§ **Data excerpts**
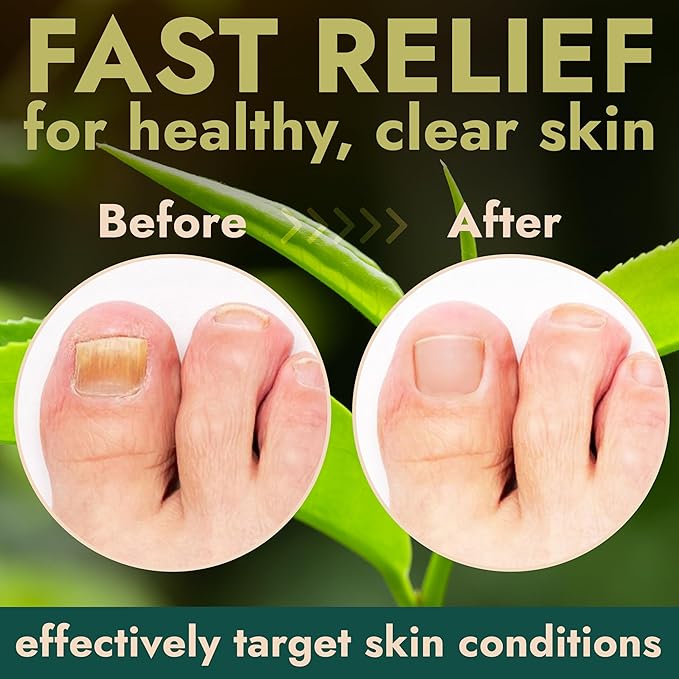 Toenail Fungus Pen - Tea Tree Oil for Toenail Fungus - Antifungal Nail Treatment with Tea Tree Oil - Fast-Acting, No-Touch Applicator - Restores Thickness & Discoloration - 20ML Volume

--

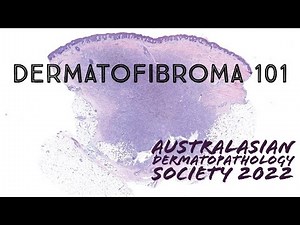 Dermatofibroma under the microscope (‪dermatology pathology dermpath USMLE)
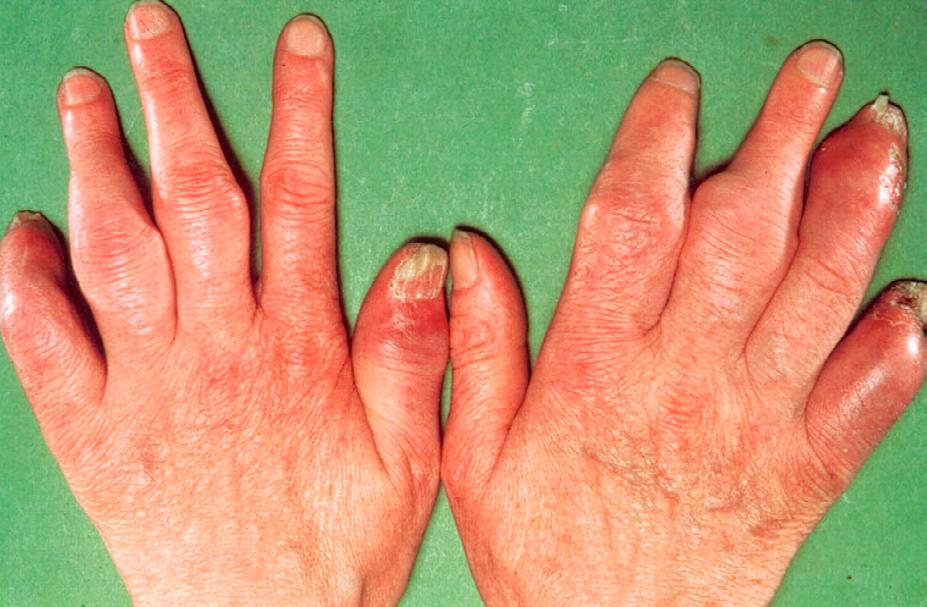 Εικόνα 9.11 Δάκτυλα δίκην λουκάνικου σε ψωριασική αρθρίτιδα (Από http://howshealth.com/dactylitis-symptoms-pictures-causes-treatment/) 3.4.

--

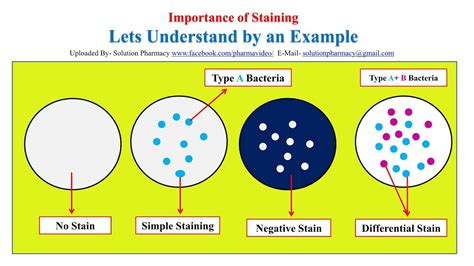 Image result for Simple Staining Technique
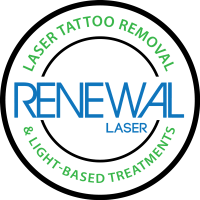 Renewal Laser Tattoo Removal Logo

§ **About this exercise**
What you return must match, character for character, the lines above from the one with "Image result for Simple Staining Technique" through the one with "Renewal Laser Tattoo Removal Logo", minus any pictures.

§ **Response to this exercise**
 Image result for Simple Staining Technique
 Renewal Laser Tattoo Removal Logo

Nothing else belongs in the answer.